Namun, seperti novel-novel lainnya, Tahta Mahameru juga punya kekurangan. Beberapa masalah dan dialog terkesan agak kaku dan too good/too dramatic to be true. Beberapa hal yang bikin saya nggak sreg adalah cerita Ikhsan di penjara yang bertemu Yusuf. Yusuf ini kisahnya seperti Nabi Yusuf a.s. yang dibui karena difitnah menggoda atasannya. Kebetulan ini rasanya agak gimanaa gitu. Pun adegan balas dendam Ikhsan ke istri tua ayahnya. Dramatis, sih. Tapi kesannya terlalu... hm... sinetron, mungkin? Jadi agak polar gitu sama adegan-adegan lain yang rasanya ngalir lancar, alamiah, dan real.
Terlepas dari hal-hal di atas, topik traveling, budaya, serta perjalanan mencari jawaban dan mengenal jati diri tetap jadi topik yang mendominasi.

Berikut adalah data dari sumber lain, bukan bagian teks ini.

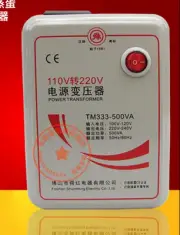 ShunHong 2000w Voltage Converter Transformer 110-120V to 220-240V m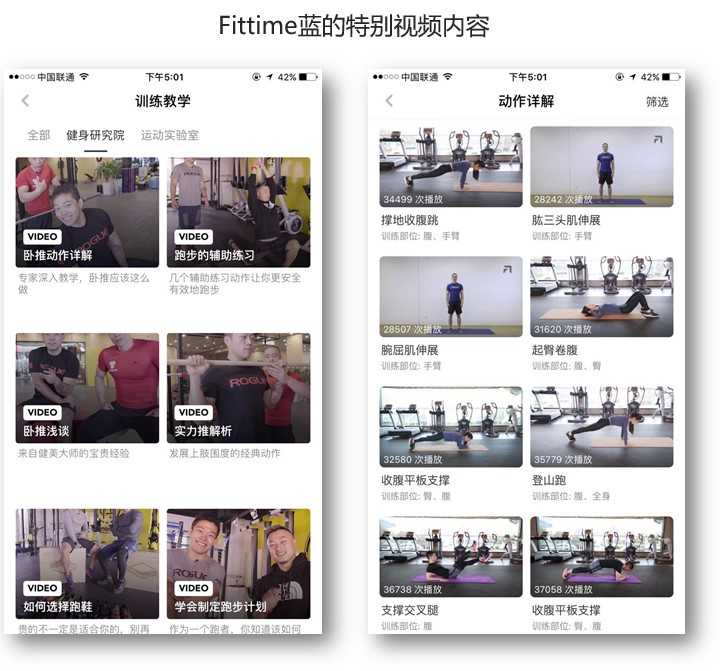Fittime、硬派健身、keep等健身app哪个体验比较好？哪家课程设置更合理？ - 知乎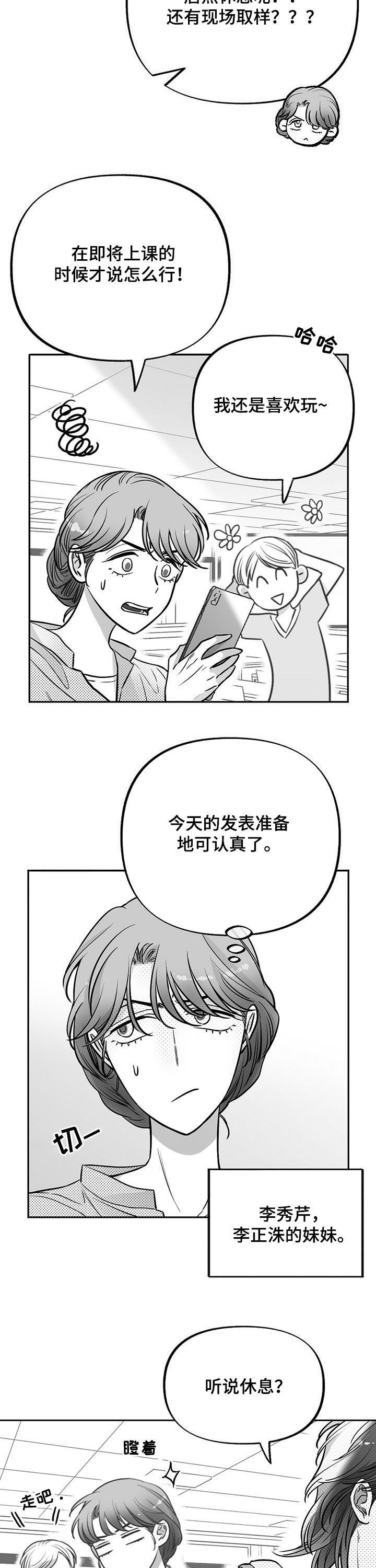 第44章：羞耻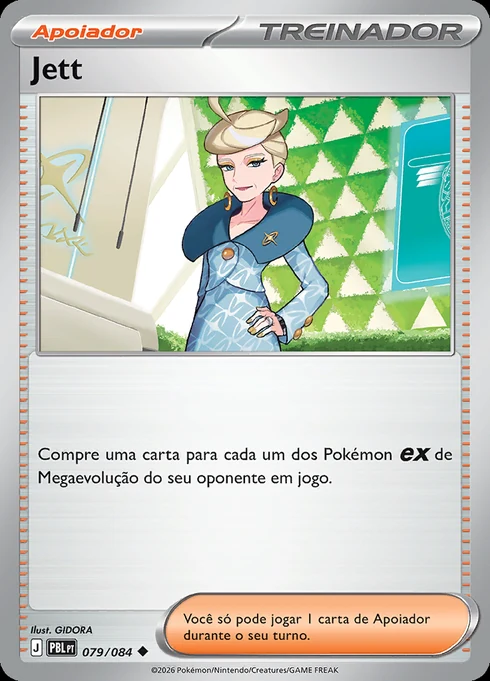 Jett, ME05 079/084, Incomum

Dan, satu hal lagi, perjalanan mencari jawaban/jati diri di sini bukan cuma tempelan dan nggak cuma menyentuh permukaan kemudian dibikin puitis dan diromantisasi berlebihan (seperti novel perjalanan yang jamak di masa ini, ehm). Jadinya, lebih 'nendang' gitu pencarian jawaban/jati dirinya.
Jadi, hiking, travelling, agama, quote kehidupan, semuanya dirangkum jadi satu deh di sini!
----------------------
Desember 2013 lalu saya sempat ke salah satu toko buku gede. Di sana saya nemuin buku ini judulnya sudah diganti menjadi 'Altitude 3676'. Covernya pun diganti jadi pemandangan matahari terbit di jalur pendakian ke puncak Semeru.